Workin’ the Big Boys

Big on knitting!

This Cornish knitter is my hero! See article at


Working those One-der Skeins

OK, with this recent donation of great yarn skeins, I suppose I have to officially admit to now having a stash. As I’m finishing two charity blankets, an intarsia blanket and ball baby gift, and ramping up to tackle the EZ’s Baby Surprise Jacket, I have been weaving in ways to stash-bust these great single skeins using Judith durant’s 101 Designer One-Skein Wonders. As I paged through the book, several projects caught my eye. The Elegant and Easy Tie on page 104 featured a ball of Rowan Tapestry (#175-70% wool 30% soysilk) that is very handsome: bluey-grey and subtly gradated. It looked familiar. Could it be? I rushed to my new stash and, yes, not only do I have the yarn brand but it is the exact colorway. Yay! Cast on and was half done an hour later. Whoa, quick! I may do several of these ties for me and for gifts. Gotta bust this burgeoning stash!I’ll vary the design to try out some new cables, stitches, etc. and be able to display my handiwork. Also, maybe this is the good project to work on my quest for teaching myself Continental. I know what to do but it just feels so damn awkward! I have to persevere to gain speed but it is very frustrating . . . I’ll conquer this as I am tired of being such a slow knitter. Process is pleasing but progress is potent!  

Great YouTube Knit Vids

The Untalkative Bunny Goes to Knitting Class!

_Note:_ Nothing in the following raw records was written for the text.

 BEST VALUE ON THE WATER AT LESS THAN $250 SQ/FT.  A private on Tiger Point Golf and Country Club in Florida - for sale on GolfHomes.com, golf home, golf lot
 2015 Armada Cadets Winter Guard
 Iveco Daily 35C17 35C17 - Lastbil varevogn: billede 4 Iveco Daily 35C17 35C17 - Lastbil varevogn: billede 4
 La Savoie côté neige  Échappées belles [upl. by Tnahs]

Conclusive proof that a desperate knitter will knit with anything on hand. How to Knit with Ramen!

Froggy Froggy Night

Shades of Don McLean (Starry starry night . . . song about Vincent van Gogh)! Last night I was crankin’ away on Miriam Felton’s Seraphim Shawl (30 rows in) when I stopped, took a long look at what I’d done, and frogged the whole thing. Contrary to what you might think, it felt great. Being a process knitter, and embracing that in me, I found a while back that it is liberating to just admit when things aren’t what i want and bail—frog— if unable to make a substantive correction. I really recommend this mindset for everyone. Even if you really want that product soon, why go further in if it’s all wrong?

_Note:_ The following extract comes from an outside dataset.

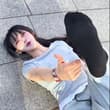 #靴下 #黒ソ #足裏 #靴下フェチ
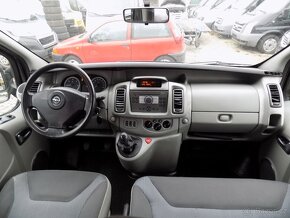 Opel Vivaro 2.5 CDTI 107 KW L2H1 6 MÍST - 10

In this case, everything was wrong. I was using a deep green, fingering mohair (Filatura di Crosa) on very small, Harmony needles. Love those Options Harmony wood circs but small dark fuzzy yarn turns out to be hard to see on them . . . Hard to work, hard to see, a frustrating experience that was creating a too-dense fabric. Yes, I had swatched . . . but my tension over the difficulty of seeing the yarn and pulling it through was making me knit too tightly . . .and I am a very loose knitter! Anyway, I let it go for another day (on larger, lighter needles).

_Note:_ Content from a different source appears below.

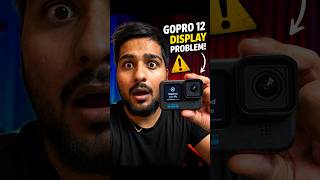 GoPro 12 Display Problem 😱 | “Repaired Your File” Error Fix! #gopro12 #repairedyourfile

That’s OK. I recently received a bag of yarn from a friend (this is the third time in a few months!), single skeins and balls, and ordered a sampler from Knit Picks of their summer-weight cotton, cot-lin, bamboo, etc. skeins (beautiful muted colors selection they called “Victorian“). So, now I have a sort of a stash to work through. Will be working some of the 101 Designer One-Skein Wonders as well as the free sample patterns sent by Knit Picks. Fun summer knitting that will be quick and instructive. Planning to up my game with new stitches and techniques. Also, looking to knit more quickly. I really do knit very slowly and would like to do better. English style? Better throwing technique? Keeping the yarn closer to the needle tips? I’m planning to try them all. Also, will be in traveling in June (Okinawa) and then again in August (business . . . ?) so small, light projects are just the ticket for plane time.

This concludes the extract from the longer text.